Código de colores: más que separar residuos

María Cristina Rodríguez
María Cristina Rodríguez
Asesora en Pensamiento Creativo
Sostenibilidad

Aunque parezca evidente, aún nos resistimos a la idea de que no existen recetas para el abordaje de los grandes problemas de nuestra época. Cada vez se hace más clara la necesidad de aunar procesos micro y macro, técnicos y de consciencia, y desarrollar alternativas que permitan movernos en diferentes escalas. 

Como nuevo mecanismo para involucrar a la ciudadanía y estandarizar la dinámica en materia de separación de residuos en la fuente, el gobierno de Colombia estableció en la resolución 2184 de 2019, que a partir del 1 de enero del presente año empieza a regir un nuevo código de colores unificado. 

El código es muy sencillo y radica en el uso de bolsas de color blanco, negro y verde. El color blanco está destinado para residuos aprovechables como plástico, cartón, metales, papel y vidrio, limpios y secos. El negro para residuos no aprovechables como papeles y cartones contaminados con restos de comida, servilletas, papel higiénico y papeles metalizados. En la bolsa de color verde se dispondrán los restos de comida y desechos agrícolas.

 

“El código es la punta del iceberg, soportarlo con acciones cotidianas es la base".

 

Concuerdo con el aporte a la gestión de los residuos en la fuente que representa un mecanismo de unificación nacional. Sin embargo, corremos el riesgo de pensar que a través de soluciones meramente técnicas lograremos crear cambios disruptivos en el sistema. No basta solamente con seguir el código. 

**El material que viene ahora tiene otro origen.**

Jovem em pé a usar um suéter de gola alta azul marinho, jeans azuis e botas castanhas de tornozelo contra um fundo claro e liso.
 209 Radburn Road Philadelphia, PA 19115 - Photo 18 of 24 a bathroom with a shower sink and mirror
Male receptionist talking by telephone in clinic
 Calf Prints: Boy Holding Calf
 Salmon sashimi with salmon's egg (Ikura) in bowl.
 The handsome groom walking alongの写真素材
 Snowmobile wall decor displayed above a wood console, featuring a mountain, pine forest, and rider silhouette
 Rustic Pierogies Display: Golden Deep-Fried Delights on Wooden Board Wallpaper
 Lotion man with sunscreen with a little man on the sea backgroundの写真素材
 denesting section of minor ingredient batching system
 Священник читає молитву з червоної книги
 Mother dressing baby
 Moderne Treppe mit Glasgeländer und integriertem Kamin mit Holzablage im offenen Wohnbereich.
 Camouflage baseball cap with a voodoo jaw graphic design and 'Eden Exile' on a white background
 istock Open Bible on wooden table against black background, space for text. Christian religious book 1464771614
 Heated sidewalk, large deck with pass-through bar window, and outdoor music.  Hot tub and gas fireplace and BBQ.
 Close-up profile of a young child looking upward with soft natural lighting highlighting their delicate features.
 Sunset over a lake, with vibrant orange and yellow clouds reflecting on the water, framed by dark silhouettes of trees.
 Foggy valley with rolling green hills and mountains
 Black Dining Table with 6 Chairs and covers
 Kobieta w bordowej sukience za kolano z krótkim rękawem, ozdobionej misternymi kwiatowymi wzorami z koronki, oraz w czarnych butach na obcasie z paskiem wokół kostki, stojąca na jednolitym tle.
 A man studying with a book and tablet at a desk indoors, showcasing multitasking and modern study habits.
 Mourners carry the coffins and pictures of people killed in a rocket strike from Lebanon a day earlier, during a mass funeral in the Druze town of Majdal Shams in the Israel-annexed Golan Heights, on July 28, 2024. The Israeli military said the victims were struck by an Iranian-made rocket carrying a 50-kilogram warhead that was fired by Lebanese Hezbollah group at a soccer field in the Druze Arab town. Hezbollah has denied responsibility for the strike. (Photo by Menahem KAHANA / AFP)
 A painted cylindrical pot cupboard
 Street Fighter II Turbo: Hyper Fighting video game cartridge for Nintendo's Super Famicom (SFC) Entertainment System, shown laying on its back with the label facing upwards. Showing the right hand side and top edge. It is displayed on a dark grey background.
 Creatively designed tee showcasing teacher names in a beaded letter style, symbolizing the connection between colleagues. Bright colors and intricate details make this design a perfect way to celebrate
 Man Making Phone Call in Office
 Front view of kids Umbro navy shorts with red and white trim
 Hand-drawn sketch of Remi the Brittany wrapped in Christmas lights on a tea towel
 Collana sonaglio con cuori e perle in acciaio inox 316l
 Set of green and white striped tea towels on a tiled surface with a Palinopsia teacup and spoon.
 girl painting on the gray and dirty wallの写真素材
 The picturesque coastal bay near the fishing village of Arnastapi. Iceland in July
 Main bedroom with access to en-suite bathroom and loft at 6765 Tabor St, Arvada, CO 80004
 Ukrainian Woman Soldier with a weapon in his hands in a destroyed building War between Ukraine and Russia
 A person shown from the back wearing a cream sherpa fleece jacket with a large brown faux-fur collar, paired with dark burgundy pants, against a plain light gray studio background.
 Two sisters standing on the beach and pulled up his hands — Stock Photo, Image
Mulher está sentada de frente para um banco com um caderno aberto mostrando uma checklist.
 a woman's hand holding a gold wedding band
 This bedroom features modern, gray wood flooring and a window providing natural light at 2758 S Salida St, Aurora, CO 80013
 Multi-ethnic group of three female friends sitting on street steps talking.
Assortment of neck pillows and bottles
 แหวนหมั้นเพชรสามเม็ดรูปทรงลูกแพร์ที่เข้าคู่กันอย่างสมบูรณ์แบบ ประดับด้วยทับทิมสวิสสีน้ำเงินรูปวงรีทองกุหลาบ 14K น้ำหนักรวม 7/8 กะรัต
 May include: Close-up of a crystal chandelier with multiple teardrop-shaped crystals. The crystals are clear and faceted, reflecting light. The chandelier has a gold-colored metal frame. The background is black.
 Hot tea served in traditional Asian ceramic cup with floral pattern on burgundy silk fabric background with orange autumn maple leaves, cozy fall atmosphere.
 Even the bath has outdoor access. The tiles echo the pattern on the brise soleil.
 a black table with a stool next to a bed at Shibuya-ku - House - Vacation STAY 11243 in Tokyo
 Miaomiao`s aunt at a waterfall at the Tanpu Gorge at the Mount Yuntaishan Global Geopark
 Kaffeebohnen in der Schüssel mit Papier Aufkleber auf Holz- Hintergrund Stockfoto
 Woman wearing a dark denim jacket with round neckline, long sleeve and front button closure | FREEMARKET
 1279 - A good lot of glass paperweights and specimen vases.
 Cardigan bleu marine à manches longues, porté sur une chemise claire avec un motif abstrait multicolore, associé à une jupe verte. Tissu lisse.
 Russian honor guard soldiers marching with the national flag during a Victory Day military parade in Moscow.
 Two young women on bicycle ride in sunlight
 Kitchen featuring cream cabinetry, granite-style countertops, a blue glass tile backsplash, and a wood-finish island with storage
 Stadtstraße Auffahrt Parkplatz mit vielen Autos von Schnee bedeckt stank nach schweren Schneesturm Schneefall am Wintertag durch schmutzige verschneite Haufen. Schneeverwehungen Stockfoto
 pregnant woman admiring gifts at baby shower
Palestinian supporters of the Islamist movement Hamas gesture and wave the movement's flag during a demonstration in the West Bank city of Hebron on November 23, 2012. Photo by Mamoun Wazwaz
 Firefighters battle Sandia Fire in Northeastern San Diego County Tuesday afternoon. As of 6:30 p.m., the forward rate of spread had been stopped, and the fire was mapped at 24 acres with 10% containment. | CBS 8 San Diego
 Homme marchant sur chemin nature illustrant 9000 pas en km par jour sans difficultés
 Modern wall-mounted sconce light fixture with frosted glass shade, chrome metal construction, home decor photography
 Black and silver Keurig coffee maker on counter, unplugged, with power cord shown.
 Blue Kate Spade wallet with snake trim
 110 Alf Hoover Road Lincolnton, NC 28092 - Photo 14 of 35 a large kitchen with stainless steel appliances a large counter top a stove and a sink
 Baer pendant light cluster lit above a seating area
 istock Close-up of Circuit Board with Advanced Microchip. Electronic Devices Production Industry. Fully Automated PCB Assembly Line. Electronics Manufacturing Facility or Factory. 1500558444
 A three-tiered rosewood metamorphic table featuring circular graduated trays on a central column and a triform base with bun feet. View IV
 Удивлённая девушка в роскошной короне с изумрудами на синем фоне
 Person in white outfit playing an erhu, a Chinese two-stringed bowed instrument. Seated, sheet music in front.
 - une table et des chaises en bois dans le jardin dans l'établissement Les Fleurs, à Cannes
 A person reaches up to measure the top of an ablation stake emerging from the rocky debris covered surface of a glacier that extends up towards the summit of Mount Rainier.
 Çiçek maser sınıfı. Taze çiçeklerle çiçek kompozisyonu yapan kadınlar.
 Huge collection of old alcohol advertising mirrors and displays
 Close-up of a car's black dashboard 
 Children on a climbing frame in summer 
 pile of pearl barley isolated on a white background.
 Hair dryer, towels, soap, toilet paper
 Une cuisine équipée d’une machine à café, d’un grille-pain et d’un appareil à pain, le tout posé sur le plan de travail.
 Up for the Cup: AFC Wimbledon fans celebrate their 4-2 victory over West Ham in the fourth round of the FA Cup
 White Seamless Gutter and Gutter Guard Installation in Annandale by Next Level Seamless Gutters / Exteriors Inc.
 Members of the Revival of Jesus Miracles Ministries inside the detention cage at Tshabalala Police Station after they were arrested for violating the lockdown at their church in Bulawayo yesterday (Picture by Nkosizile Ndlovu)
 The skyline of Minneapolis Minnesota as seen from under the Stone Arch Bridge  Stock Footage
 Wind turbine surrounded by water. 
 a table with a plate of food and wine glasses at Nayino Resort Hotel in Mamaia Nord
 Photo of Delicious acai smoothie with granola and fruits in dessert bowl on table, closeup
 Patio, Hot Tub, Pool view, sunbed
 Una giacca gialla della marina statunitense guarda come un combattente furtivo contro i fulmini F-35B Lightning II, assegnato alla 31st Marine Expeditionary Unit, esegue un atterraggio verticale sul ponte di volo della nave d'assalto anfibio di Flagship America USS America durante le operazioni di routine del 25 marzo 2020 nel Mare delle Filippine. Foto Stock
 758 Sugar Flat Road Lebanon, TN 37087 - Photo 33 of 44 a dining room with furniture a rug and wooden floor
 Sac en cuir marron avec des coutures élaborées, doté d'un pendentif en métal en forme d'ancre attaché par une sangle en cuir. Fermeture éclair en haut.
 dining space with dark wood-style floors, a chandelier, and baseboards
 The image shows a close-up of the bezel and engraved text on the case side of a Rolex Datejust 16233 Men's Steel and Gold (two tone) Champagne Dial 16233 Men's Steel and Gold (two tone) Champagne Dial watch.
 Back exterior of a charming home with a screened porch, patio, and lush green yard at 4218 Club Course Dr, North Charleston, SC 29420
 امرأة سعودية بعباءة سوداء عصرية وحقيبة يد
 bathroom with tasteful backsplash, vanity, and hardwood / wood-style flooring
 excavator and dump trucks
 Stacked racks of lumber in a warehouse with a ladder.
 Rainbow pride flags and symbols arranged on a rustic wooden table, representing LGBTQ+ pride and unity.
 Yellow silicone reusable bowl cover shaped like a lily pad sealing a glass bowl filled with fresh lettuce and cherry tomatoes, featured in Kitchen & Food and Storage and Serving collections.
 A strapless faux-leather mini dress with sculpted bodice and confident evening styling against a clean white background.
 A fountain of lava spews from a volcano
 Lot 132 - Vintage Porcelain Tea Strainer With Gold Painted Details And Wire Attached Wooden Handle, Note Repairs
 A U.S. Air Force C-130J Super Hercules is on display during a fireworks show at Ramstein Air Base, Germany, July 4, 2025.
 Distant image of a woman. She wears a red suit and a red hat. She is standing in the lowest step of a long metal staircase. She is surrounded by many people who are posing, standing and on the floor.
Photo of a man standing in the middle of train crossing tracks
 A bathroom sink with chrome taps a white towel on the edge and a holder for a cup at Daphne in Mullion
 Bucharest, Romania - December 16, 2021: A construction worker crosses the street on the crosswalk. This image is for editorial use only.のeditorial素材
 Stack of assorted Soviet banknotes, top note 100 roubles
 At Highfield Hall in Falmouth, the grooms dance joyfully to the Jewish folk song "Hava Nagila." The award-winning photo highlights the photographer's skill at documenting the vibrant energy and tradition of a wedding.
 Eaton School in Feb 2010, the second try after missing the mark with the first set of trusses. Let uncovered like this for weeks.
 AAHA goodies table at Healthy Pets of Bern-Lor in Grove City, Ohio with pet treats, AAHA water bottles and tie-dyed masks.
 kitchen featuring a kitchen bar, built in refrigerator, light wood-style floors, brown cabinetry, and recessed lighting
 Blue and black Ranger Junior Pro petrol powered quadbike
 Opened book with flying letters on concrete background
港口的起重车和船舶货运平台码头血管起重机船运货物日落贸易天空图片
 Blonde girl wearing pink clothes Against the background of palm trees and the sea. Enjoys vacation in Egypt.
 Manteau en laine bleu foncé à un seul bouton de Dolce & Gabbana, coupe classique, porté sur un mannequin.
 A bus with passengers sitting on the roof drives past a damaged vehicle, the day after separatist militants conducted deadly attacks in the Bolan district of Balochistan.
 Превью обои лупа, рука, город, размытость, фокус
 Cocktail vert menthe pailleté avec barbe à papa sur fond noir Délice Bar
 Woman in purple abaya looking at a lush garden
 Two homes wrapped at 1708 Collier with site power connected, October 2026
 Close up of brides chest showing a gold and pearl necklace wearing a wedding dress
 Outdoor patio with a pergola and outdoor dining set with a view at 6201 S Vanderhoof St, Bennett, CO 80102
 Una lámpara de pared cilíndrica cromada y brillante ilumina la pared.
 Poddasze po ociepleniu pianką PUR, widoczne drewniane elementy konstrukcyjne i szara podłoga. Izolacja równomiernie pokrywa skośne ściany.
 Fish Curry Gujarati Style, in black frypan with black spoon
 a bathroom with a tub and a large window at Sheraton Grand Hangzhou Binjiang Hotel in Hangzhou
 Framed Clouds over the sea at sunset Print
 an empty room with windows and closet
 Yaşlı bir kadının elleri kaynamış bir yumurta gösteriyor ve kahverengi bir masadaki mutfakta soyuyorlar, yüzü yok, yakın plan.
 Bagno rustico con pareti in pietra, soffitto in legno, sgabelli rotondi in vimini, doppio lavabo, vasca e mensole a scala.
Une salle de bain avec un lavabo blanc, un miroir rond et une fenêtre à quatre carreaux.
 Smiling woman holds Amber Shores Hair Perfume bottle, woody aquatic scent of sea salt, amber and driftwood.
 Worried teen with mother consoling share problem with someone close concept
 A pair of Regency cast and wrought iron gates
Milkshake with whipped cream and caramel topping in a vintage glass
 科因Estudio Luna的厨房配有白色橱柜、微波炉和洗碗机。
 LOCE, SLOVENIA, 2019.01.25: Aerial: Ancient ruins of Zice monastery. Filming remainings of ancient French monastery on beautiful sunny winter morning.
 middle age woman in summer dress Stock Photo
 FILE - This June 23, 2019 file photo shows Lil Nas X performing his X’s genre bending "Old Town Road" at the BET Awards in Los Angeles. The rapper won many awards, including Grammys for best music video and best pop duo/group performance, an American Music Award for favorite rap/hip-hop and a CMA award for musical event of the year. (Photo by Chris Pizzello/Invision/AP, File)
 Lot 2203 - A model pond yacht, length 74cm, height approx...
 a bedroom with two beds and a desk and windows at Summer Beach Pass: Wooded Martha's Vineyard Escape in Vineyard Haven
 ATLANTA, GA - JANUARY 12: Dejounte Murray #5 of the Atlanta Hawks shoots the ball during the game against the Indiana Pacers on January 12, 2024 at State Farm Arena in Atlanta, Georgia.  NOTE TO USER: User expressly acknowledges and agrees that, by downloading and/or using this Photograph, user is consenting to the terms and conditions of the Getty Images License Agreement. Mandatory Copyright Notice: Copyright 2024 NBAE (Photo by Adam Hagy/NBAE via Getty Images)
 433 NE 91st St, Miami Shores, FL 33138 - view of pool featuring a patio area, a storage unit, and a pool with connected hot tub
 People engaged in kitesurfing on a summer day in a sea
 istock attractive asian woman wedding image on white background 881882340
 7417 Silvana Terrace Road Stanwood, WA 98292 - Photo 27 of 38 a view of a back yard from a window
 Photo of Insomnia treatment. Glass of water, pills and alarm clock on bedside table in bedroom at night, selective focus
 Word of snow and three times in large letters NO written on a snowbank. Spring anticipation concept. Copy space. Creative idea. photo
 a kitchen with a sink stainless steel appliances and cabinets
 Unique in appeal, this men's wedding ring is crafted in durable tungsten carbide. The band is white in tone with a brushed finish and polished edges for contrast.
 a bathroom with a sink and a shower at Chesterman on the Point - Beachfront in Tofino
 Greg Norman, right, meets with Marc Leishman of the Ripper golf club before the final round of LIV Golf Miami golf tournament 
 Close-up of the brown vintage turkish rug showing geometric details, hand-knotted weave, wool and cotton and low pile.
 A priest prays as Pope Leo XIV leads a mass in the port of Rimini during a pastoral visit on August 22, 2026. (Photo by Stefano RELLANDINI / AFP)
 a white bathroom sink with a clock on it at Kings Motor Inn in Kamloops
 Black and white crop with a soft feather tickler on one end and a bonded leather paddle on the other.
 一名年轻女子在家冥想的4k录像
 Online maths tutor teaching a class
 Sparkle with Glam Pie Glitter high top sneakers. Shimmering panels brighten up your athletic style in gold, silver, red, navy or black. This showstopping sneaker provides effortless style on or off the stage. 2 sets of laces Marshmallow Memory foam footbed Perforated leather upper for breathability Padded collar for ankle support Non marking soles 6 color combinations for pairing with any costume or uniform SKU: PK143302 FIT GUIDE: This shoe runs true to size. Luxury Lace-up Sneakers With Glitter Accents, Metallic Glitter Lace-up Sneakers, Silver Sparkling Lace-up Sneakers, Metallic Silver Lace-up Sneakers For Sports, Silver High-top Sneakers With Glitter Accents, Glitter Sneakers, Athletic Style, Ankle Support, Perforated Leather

A través del tiempo hemos desarrollado diferentes formas de relacionarnos y gestionar nuestros residuos. Sin embargo, como resultado, hemos creado un sistema en el cual se promueve la participación como autómatas, pensando que aquello que se dispone en la basura (independientemente de su color) desaparece.

Según el Ministerio de Vivienda el país produce anualmente 12 millones de toneladas de residuos de los cuales tan solo el 11 % se recicla. Si seguimos el código, pero además desarrollamos una actitud presente y consciente que nos vincule con nuestra participación en el sistema de producción, consumo y desecho, podremos evidenciar otros espacios de oportunidad para responsabilizarnos. 

Cuestionar y cambiar nuestro consumo, conocer a los recuperadores ambientales de nuestro sector para establecer acuerdos y entregar el material reciclable en horarios convenientes, indagar cómo gestionamos aquellos desechos que no se mencionan en el código, como el aceite de cocina usado y la ropa, son acciones con las que podemos tejer caminos entre lo técnico y la consciencia para potenciar cambios. 

Asimismo, si generamos vínculos con organizaciones que aporten a los procesos de reciclaje y tenemos prácticas sostenibles en casa, podemos rellenar los vacíos que presenta el código, como quién será el encargado de los residuos orgánicos, pues el código no especifica quién lo hará y cómo se va a gestionar. Ante esto, el compost es una buena opción, o entregarlos a organizaciones que se encarguen directamente y evitar disponerlos en los rellenos sanitarios. El código es la punta del iceberg, soportarlo con acciones cotidianas es la base. 

Sentirse parte del problema, pero también de la solución, nos permite abrirle espacio a lo que no tenía existencia en nuestra realidad. Responsabilizarnos de nuestra participación en el sistema nos empodera y permite que más personas resuenen con esto, alejándonos de cumplir normas o incumplirlas por inercia. 

Incorporemos el código en nuestras vidas, pero vayamos más allá. No hay receta perfecta, pero sí procesos de retroalimentación y aprendizaje que unen caminos entre lo individual y lo colectivo, entre lo técnico y la consciencia.